**Task objective:**
Each line below that includes the word "Silver" is to be reported.
---------- Source information ----------
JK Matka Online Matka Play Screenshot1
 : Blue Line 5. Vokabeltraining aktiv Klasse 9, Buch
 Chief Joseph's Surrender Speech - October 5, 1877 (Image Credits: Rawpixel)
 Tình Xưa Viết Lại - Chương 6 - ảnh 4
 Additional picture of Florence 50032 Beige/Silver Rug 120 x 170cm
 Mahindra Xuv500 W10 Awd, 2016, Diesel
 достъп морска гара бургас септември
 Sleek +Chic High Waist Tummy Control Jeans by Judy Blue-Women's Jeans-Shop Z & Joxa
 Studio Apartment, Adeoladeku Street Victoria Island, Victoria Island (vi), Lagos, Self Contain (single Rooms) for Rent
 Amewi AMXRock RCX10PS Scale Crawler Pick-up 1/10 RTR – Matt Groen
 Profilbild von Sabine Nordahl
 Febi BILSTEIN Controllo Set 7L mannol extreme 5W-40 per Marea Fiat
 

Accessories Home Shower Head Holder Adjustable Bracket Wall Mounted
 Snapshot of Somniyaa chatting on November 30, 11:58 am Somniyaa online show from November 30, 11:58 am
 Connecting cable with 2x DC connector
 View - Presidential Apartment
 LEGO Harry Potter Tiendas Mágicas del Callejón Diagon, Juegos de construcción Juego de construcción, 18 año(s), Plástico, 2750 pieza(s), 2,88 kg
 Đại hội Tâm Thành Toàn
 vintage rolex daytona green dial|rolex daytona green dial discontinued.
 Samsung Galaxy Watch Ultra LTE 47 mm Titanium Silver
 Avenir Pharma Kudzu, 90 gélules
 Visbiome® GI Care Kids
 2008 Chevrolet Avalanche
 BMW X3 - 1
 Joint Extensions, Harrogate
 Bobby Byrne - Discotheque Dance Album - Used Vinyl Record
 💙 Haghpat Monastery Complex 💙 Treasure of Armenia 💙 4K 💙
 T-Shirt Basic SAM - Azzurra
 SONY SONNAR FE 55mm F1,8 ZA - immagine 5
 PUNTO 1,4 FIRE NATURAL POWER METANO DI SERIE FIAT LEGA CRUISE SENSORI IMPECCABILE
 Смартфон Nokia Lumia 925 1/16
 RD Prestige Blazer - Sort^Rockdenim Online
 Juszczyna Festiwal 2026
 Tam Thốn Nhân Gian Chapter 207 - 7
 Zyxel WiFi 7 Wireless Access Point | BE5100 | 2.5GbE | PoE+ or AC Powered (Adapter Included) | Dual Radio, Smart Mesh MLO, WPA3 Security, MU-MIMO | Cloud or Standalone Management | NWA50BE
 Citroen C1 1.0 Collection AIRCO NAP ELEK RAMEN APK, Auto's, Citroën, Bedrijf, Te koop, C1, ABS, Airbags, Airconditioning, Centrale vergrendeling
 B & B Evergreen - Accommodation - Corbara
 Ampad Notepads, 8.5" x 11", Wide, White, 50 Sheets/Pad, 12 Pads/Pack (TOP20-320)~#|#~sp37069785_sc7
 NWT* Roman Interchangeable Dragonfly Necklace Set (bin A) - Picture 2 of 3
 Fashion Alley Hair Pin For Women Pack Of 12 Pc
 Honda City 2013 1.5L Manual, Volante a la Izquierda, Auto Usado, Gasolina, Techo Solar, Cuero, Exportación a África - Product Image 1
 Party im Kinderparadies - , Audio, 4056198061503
----------
**Response box:**
 Additional picture of Florence 50032 Beige/Silver Rug 120 x 170cm
 Samsung Galaxy Watch Ultra LTE 47 mm Titanium Silver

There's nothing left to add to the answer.